Many of her works reflect the influence of Zen Buddhism, to which she was exposed from an early age, while more recent work focuses on the complex interactions between women and male centers of authority. “Have You Seen the Horizon Lately?” displays a range of Yoko Ono’s conceptual works, including: Ceiling Painting, which frames the word "yes” on a piece of paper; and The Wishing Tree, on which viewers are invited to write their wishes, echoing a tradition from Japanese temples. Half a Room, one of the most striking installations from Ono’s London period, displays the interior of a room whose objects and furniture have been cut in half and painted white. Portrait of Nora, a more recent work, presents the blurred, pixelized face of Ono herself and underscores her connection with the struggle for liberation from male dominance as experienced by Nora in Ibsen’s The Doll House.

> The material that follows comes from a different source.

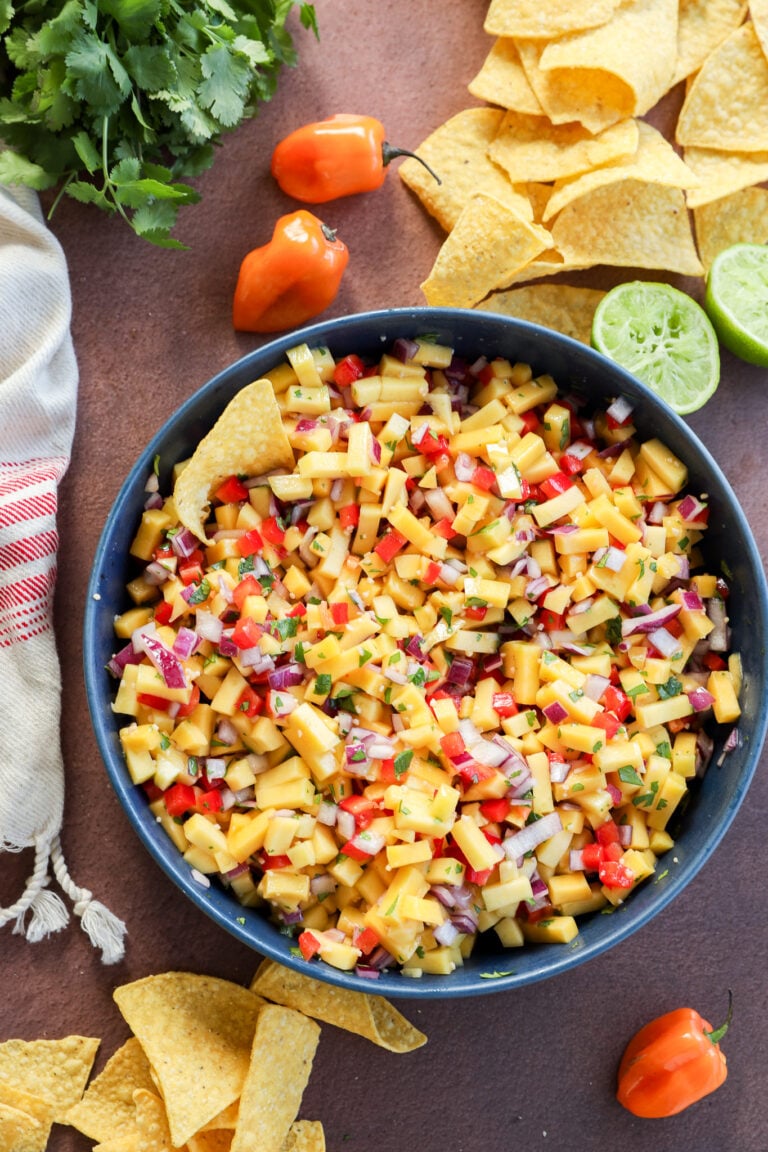 A bowl of mango salsa with diced mango, red onion, red peppers, and herbs, surrounded by tortilla chips, halved lime, fresh cilantro, and whole habanero peppers on a brown surface.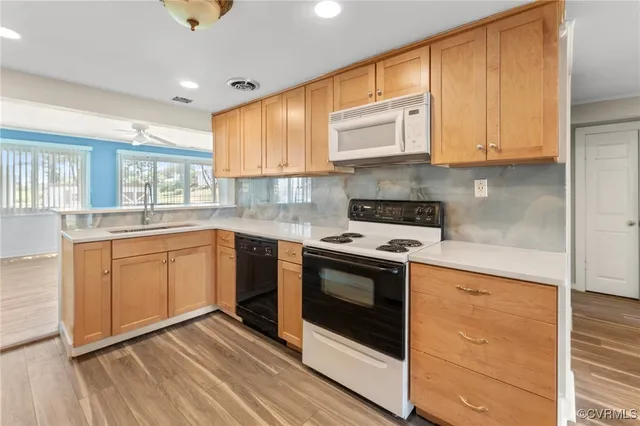 a kitchen with granite countertop a sink a counter space and stainless steel appliances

The exhibition also includes screenings of Bottoms and other early Ono films, including Fly, Rape, and rarely seen short “FluxFilms.” “Have You Seen the Horizon Lately?,” a touring exhibition of the Oxford Museum of Modern Art in England, arrives in Jerusalem from Helsinki. Ono’s outdoor installation Ex-It, on display at the Museum since May, remains on view.
James Snyder, Director of the Israel Museum, states: “At the turn of the millennium the Israel Museum is honored to host one of the great creative artists of our time, who is only now receiving the recognition she deserves. We are grateful to Ms. Ono for sharing her vision with the people of Israel, and we hope that her presence in Jerusalem will promote the causes of peace and understanding to which she has dedicated much of her career.”